How can i get working mgr nodes to take over while i try to fix node 3?

BTW node 1 & 2 have been upgraded fine from 3.1.0 to 3.3.0. Node 3 is down while node 4 is still on 3.1.0.

Can you help?

You should not have to configure any ips yourself.  /etc/network/interfaces should only contain the management ip, it is set by the installer, the remaining ip configuration should be handled by PetaSAN during its startup. What is output of following

/opt/petasan/scripts/detect-interfaces.sh
ip addr

cat /etc/network/interfaces
cat /opt/petasan/config/cluster_info.json
cat /opt/petasan/config/node_info.json
cat /etc/udev/rules.d/70-persistent-net.rules

 

 

/OPT/PETASAN/SCRIPTS/DETECT-INTERFACES.SH

device=eth0,mac=1c:34:da:53:d9:a0,pci=3b:00.0,model=Mellanox Technologies MT27710 Family [ConnectX-4 Lx],path=ens3f0np0
device=eth1,mac=1c:34:da:53:d9:a1,pci=3b:00.1,model=Mellanox Technologies MT27710 Family [ConnectX-4 Lx],path=ens3f1np1

ip add

1: lo: <LOOPBACK,UP,LOWER_UP> mtu 65536 qdisc noqueue state UNKNOWN group default qlen 1000
link/loopback 00:00:00:00:00:00 brd 00:00:00:00:00:00
inet 127.0.0.1/8 scope host lo
valid_lft forever preferred_lft forever
inet6 ::1/128 scope host
valid_lft forever preferred_lft forever
2: eth0: <BROADCAST,MULTICAST,UP,LOWER_UP> mtu 1500 qdisc mq state UP group default qlen 1000
link/ether 1c:34:da:53:d9:a0 brd ff:ff:ff:ff:ff:ff
altname enp59s0f0np0
inet 10.8.93.20/24 brd 10.8.93.255 scope global eth0
valid_lft forever preferred_lft forever
inet6 fe80::1e34:daff:fe53:d9a0/64 scope link
valid_lft forever preferred_lft forever
3: eth1: <BROADCAST,MULTICAST> mtu 1500 qdisc noop state DOWN group default qlen 1000
link/ether 1c:34:da:53:d9:a1 brd ff:ff:ff:ff:ff:ff
altname enp59s0f1np1

CAT /ETC/NETWORK/INTERFACES
auto eth0
iface eth0 inet static
address 10.8.93.20
netmask 255.255.255.0
gateway 10.8.93.250
# up route add -net 10.8.0.0 netmask 255.255.0.0 gw 10.8.93.250
dns-nameservers 10.8.100.75

cat /opt/petasan/config/cluster_info.json
{
"backend_1_base_ip": "",
"backend_1_eth_name": "",
"backend_1_mask": "",
"backend_1_vlan_id": "",
"backend_2_base_ip": "",
"backend_2_eth_name": "",
"backend_2_mask": "",
"backend_2_vlan_id": "",
"bonds": [],
"default_pool": [],
"default_pool_pgs": "",
"default_pool_replicas": "",
"eth_count": 0,
"jf_mtu_size": "",
"jumbo_frames": [],
"management_eth_name": "",
"management_nodes": [],
"name": "a",
"storage_engine": "bluestore",
"writecache_writeback_inflight_mb": ""

 

There is no : CAT /OPT/PETASAN/CONFIG/NODE_INFO.JSON

 

cat /etc/udev/rules.d/70-persistent-net.rules

# ADDED BY PETASAN, DO NOT MODIFY : DEFAULT_NAME=ens3f0np0, ASSIGNED_NAME=eth0
# ADDED BY PETASAN, DO NOT MODIFY : DEFAULT_NAME=ens3f1np1, ASSIGNED_NAME=eth1

SUBSYSTEM=="net", ACTION=="add", DRIVERS=="?*", ATTR{address}=="1c:34:da:53:d9:a0", ATTR{type}=="1", NAME="eth0"
SUBSYSTEM=="net", ACTION=="add", DRIVERS=="?*", ATTR{address}=="1c:34:da:53:d9:a1", ATTR{type}=="1", NAME="eth1"root@dev-psan-3:~#

 

Looking at same file on another host i can see OPT/PETASAN/CONFIG/NODE_INFO.JSON available and cluster_info.json also populated. Should i copy these files to this node and adjust or is there a way auto generate them?
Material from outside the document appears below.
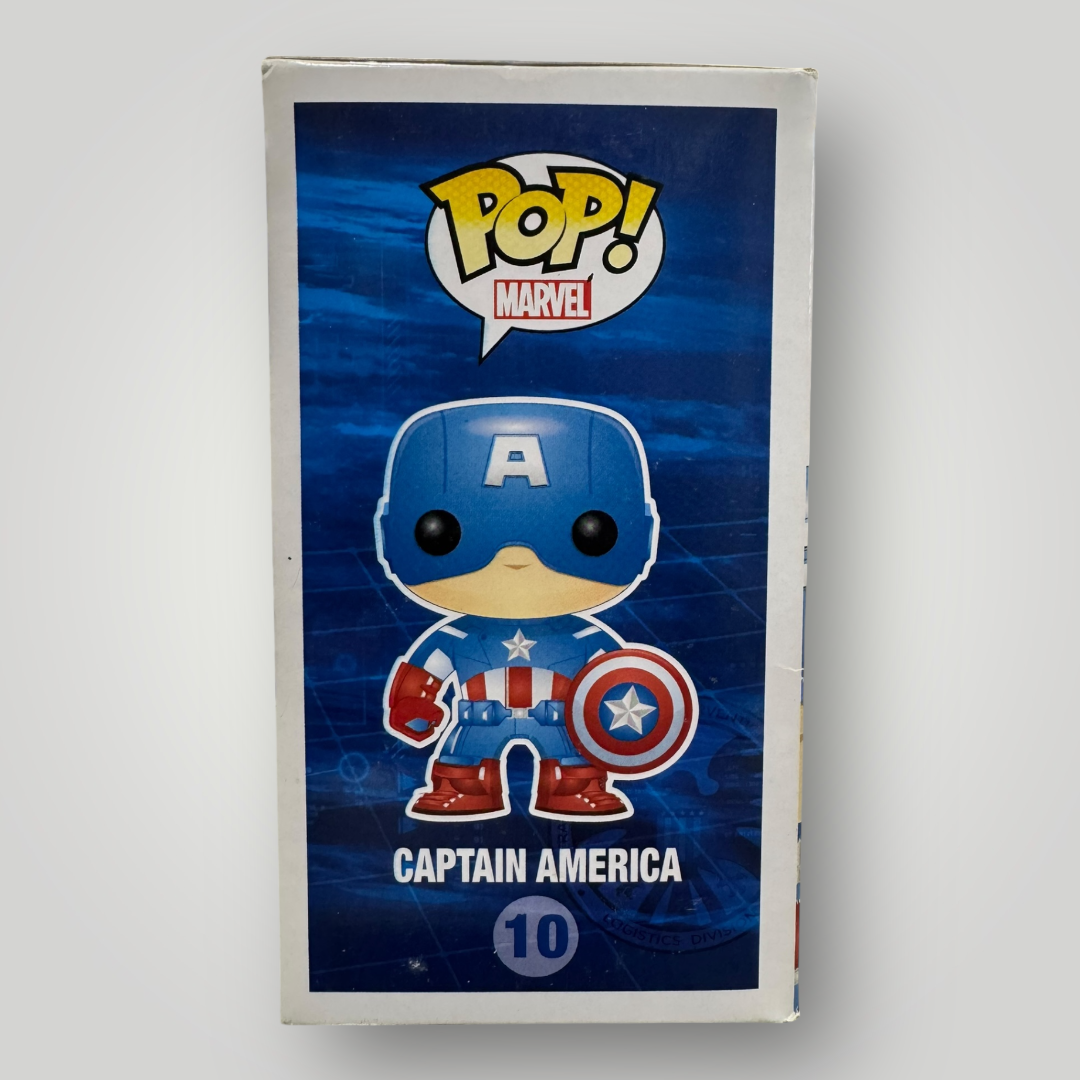 Funko Marvel Avengers Captain America #10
There should be a cluster_info.json and node_info.json. You can copy from other nodes and adjust node_info.json with correct backend ip. Make sure you /etc/network/interfaces has the correct management ip as setup during installation. Do not modify the files/ips yourself.

You need to reboot node for the files to take effect. The files are not autogenerated at tun time, they are needed to bring up the network and connect node to cluster, the ips/interfaces of services are autogenerated but not the backend as you need to connect to cluster.

The root cause of why the files were empty/missing should be looked into. It probably happened before you did the upgrade but showed up after you booted.

Thanks, i copied the node and cluster.json files from a working node and adjusted on the corrupted node 3. Restarted and now the. node is back into play. Now repairing some PGs.

Also, when i had this node 3 down, why didnt the other 2 node with management role kicked in? The management gui on the other nodes was not properly functioning. like the homepage status were not loading etc.

What would have been the way to fix that issue if one of the management nodes down?

And lastly, excellent help provided in the forums. Surely will recommend this product in my work places.

One potential of 1 node down bringing the system to its knees is if you set you recovery/backfill speed too high (from UI) and your hardware or disks ate very slow, the recovery load itself could lead to this.. You should always simulate such faillover cases

The system was performing fine. It was only the dashboard with graphs and stats not showing any stats. Rest of the GUI  and options were available. The cluster is built with newer servers and ssds so load wise it wasnt an issue.
So not sure why a single node triggered that issue.

You need to test/simulate such  a node failure  and make sure  you can access any management node.

Can you please post the following charts at around the time the non-response UI happen:

Cluster Statistics -> PG Status

Node Statistics ->  Disk % Utilization  (on any storage node)